Wading through those waters is generally the seller’s agent’s role, and we’re happy to come alongside.
When there’s no seller’s agent though, there is no buffer between the seller’s drama and us, the buyer’s agent. Suddenly we have to navigate the personal stuff on both sides of the boat. It’s tricky, it’s demanding, and actually it’s pretty doggone impossible, given the previous three points.
The Biggest Deal Killer of All
This one’s not specific to private sellers, but they sure can sport a streak of it. The biggest deal-killer? Greed. Too many deals have fallen through and houses lost because of plain, old fashioned greed.
In one case, my buyers had offered the private seller Thirty Five Thousand Dollars more than the appraised value of the place just because they wanted it so badly. The seller’s response? They wanted more. They wanted an additional Twenty Five Thousand Dollars.
Allow me to gaze into my crystal ball here for a minute and tell you what’s going to happen to them and anyone else who overestimates the value of their house and refuses to accept less.
Ah, yes. I see it. A cloud looms in the distance. The house stands alone and sad looking, its original owners pining for the money they will never, ever see. Oh, and there – I see the banker raising an eyebrow in confusion. He shakes his head and snickers at the idea of lending more than a property is worth.

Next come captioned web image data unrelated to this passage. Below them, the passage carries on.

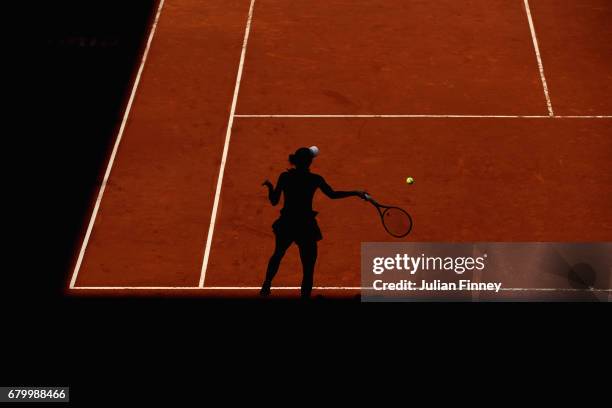 Caroline Wozniacki of Denmark in action against Monica Niculescu of Romania during day two of the Mutua Madrid Open tennis at La Caja Magica on May...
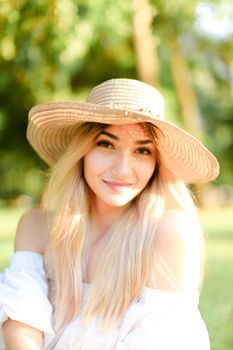 Portrait of young smiling caucasian girl in hat. Concept of beauty, female person and summer fashion.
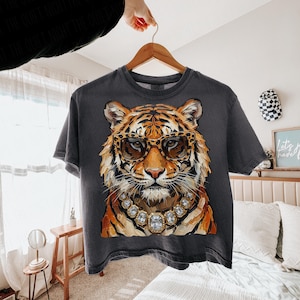 K&ouml;nnte beinhalten: Dunkelgraues T-Shirt mit einem Tiger, der eine Leopardenbrille und eine Diamantkette tr&auml;gt. Der Tiger hat orange-schwarzes Fell. Das T-Shirt h&auml;ngt an einem Holzb&uuml;gel.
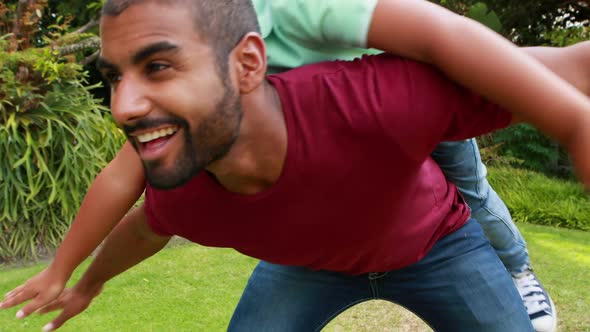 Father giving son piggyback ride in garden 4k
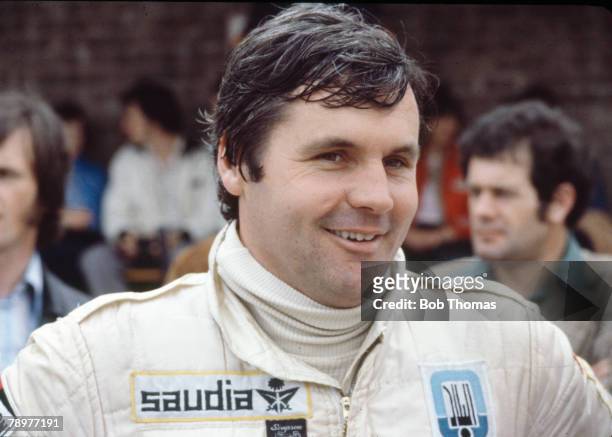 Australian racing driver Alan Jones, driver of the Albilad-Saudia Racing Team Williams FW07 Ford V8 posed in England during the 1979 FIA Formula One...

As long as sellers insist on getting more than a fair, sensible, and realistic price for their properties, deals will continue to die at the feet.
Sadly, the young couple I represented fell victim to some of these private seller behaviors. My buyers were respectful, flexible with the seller’s schedule, accepting of the seller’s terms, and even generous with their offer but, as often happens, the deal fell through. They were unable to purchase their dream property.
The not surprising final outcome.
My buyers found a much more appealing home that offered them way more value for their dollar. They have moved in and enjoy their new space.
The seller listed their property and eventually sold it for less than the offer that my buyer wrote and they paid a full commission for the sale.
Recently I spoke with a woman who wanted to list her home with me. But there was a problem. She explained that they had attempted selling privately. “We have a dilemma – we already have someone interested in our house.”
I said, “That’s not a dilemma, that’s an opportunity!”
Then I did what many other agents don’t.
I told her to name those people as an exclusion in the listing contract.
That means if those people end up buying the house after all, my sellers don’t have to pay me. (Of course, if they want to hire me to write the offer instead of paying the lawyer to do the paperwork we could agree to a fee. Not a full commission. That would help me recover costs for investing time and money on their behalf.)
If you want to list, but have buyers possibly interested already, use this technique with your agent! List those interested buyers as exclusions. You worked hard to get them!
Many agents will not mention this to their clients.
Some agents will be angry that I even told you about this technique.
But you need to know. There is already provision for this in the contract.
If you, or your friends or family members have tried private selling, and are now thinking of listing with an agent, please share this with them! They need to know too! It could help them potentially save tens of thousands of dollars!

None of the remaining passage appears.